Nusantarakini.com, Jakarta-
Zeng Wei Jian, Ahok dan “Urban Guerrilla”: Menatap Masa Depan Jakarta
(By: Dr. SYAHGANDA NAINGGOLAN, Asian Institute for Information and Development Studies)
Nama Zeng Wei Jan telah muncul dalam papan atas pertarungan wacana Ahok dan pembangunan Jakarta. Zeng dengan tulisan-tulisannya berhasil menjadi sumber inspirasi gerakan anti Ahok, yang terindikasi dari seringnya portal-portal media anti Ahok merujuk pada tulisannya. Di sisi lain, kelompok pro Ahok telah menjadikan Zeng sebagai musuh dan mencaci maki dengan berbagai cara.
Ada tiga (3) hal penting dari berbagai tulisan Zeng yang perlu diketengahkan sebagai berikut:
Pertama, Zeng telah menulis dengan tajam bahwa Ahok adalah seorang diktator. Ketajaman ini diperlihatkan dengan pembahasannya yang dalam dengan fakta argumentatif seperti keinginan Ahok mengisi bensin di “water canon” untuk menghadapi demonstran. Sesuatu bentuk sadisme membungkam oposisi. Zheng, juga menunjukkan sikap sikap Ahok yang anti dialog dan barbar dalam setiap penggusuran. Dalam analisa ini, Ahok menurutnya masih Proto Diktator, yang bisa nantinya seperti Hitler, jika semakin banyak pendukung fanatiknya, cinta buta. Menjadi seperti Hitler, memanfaatkan jalan demokrasi untuk menjadi diktator besar.
Kedua, Zeng berhasil membongkar isu rasisme dalam kasus Ahok. Menurut Zeng, Ahok adalah pemimpin rasis itu sendiri, yang berlindung dibalik isu “minority complex”. Untuk hal ini Zeng mencari istilah yang tepat, yakni “revert racism”. Berbagai hambatan sosial yang diterima Ahok dalam menjalankan programnya di lapangan selalu diupayakan sebagai hambatan yang bersumber dirinya sebagai “orang cina”.
Ketiga, Zeng telah memasukkan isu ideologis dalam dukungan terhadap Ahok dan cara Ahok menggusur. Isu ideologis itu adalah ungkapannya bahwa ada Serikat Taipan Rasis di belakang Ahok. Dalam kaitan penggusuran, selain menunjukkan keterkaitan kepentingan bisnis properti para taipan, Zeng juga masuk dengan terminologi pembangunan tokoh-tokoh kiri di berbagai penjuru dunia, yakni “Pembangunan bukan Penggusuran”; atau istilah Adi Sasono (alm), “Membangun tanpa Menggusur”.

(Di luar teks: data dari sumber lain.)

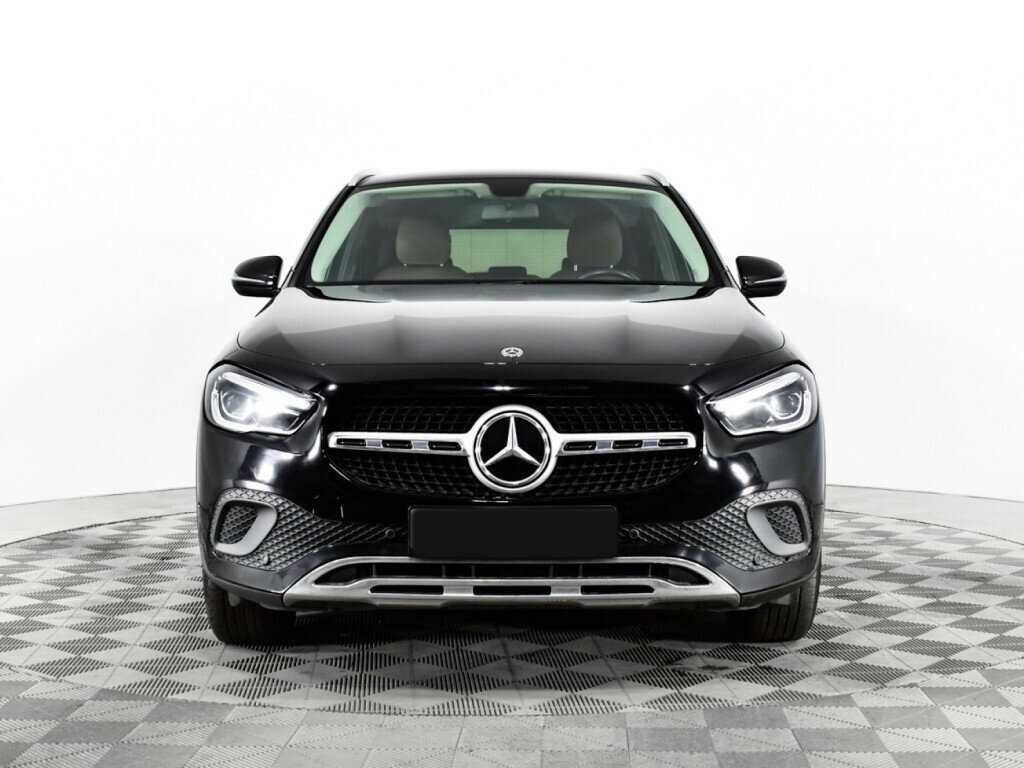 Купить Mercedes-Benz GLA с пробегом. Фото: #1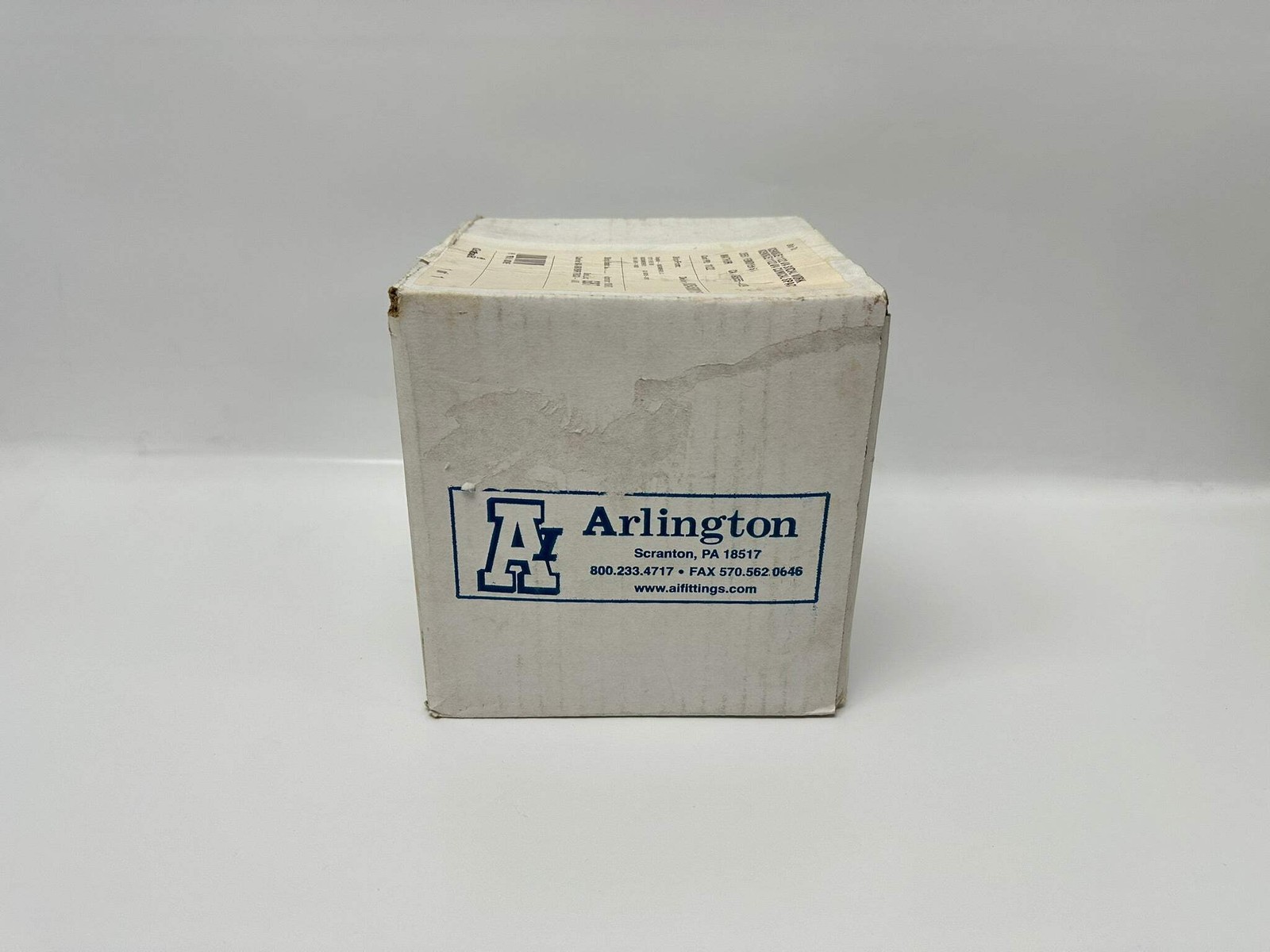 5PK Arlington L427A 2-1/2″ Zinc Squeeze Connector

Di sini Zeng kental dengan nuansa ideologis. Berbeda dengan jejak tulisan Zeng dalam blog Andreas Harsono, 15 Juni 2009 terkait patung NAGA di Singkawang. Sebagai tangan kanan Andreas, tokoh HAM kaliber dunia, Zeng berusaha netral atas ketegangan sosial di Singkawang dalam kasus patung Naga tersebut.
Berbeda dengan 7 tahun yang lalu, Zeng jelas melakukan perlawanan tegas terhadap kapitalisme yang memangsa rakyat kecil.
Seberapa pentingkah pikiran-pikiran Zeng ini bagi masa depan Jakarta?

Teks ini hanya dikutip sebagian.